Sucede que o objetivo do arrolamento não se reconduz – ou não se reconduz apenas – à identificação dos bens sobre os quais incide o direito da Requerente (no caso, os bens futuramente a partilhar), visando essencialmente assegurar a permanência e conservação desses bens até à realização da partilha e prevenir o risco de extravio, ocultação ou dissipação desses bens com vista a assegurar que a Requerente do arrolamento possa tomar posse efetiva dos bens que lhe venham a caber nessa partilha.
Aliás, esse risco não termina necessariamente – parece-nos – com a mera descrição dos bens no contexto do divórcio do casal, antes esse risco poderá manter-se, naturalmente, após a identificação/relacionação dos bens, frustrando a expetativa e o direito da Requerente relativamente aos bens que lhe venham a caber em futura partilha.
É que, como já foi doutamente salientado, o arrolamento tem como finalidade garantir a persistência dos bens até lhe ser dado destino na ação principal. [Cfr. ABRANTES GERALDES, in “Temas da Reforma do Processo Civil”, IV Volume, a págs. 259]
Ora se assim é, existe um risco sério e real de extravio, ocultação ou dissipação dos montantes monetários em causa enquanto a descrição, avaliação e depósito respetivo não estiver efetivamente operada, e particularmente no que a este último diz respeito, se encontre salvaguardado que não mais tenha lugar a sua livre movimentação pelo Requerido.

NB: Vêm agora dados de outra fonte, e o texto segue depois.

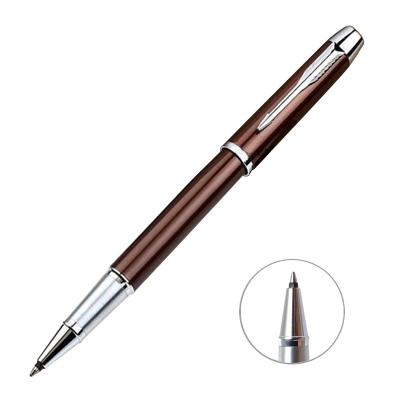 New Classic Parker Metal Roller Pen Brown With Silver Trim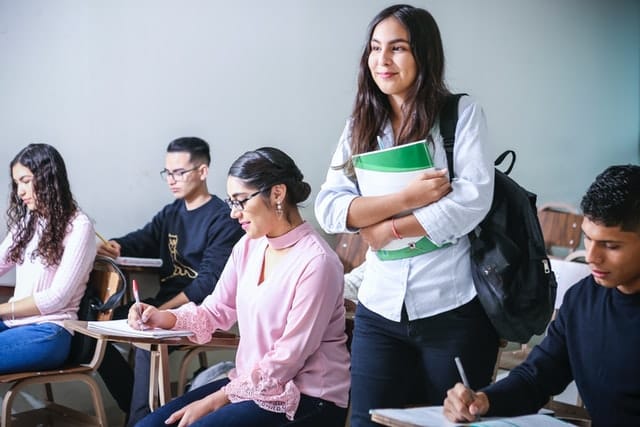 Happy student finished her essay quickly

Sendo certo que a Requerente alegou enfaticamente no requerimento inicial o temor que tem em relação ao Requerido (seu marido), de este dissipar o património comum do casal, quando se aperceber da intenção daquela de interpor a ação de divórcio, tanto mais que as diversas contas bancárias em causa estarão somente em nome do Requerido...
Por isso que, à luz das regras gerais da experiência, as particularidades do caso concreto, tal como apresentado e delineado, permitem legitimamente concluir no sentido de que, enquanto preliminar do divórcio, a citação do Requerido, antes do decretamento da providência cautelar de arrolamento, conduz ao justo receio de extravio, ocultação ou dissipação de dinheiros existentes em contas bancárias do ainda casal, por parte do mesmo.
Dito de outra forma: ficará em causa a eficácia do requerido arrolamento, se tiver lugar a citação do Requerido, antes do decretamento dessa providência cautelar.
Nestes termos procedendo a apelação, com a revogação da decisão recorrida e sua substituição por outra que, dando deferimento ao expressamente requerido quanto a esse particular, dispensa a audiência prévia do Requerido, por entender que a mesma é suscetível de comprometer o efeito útil da providência."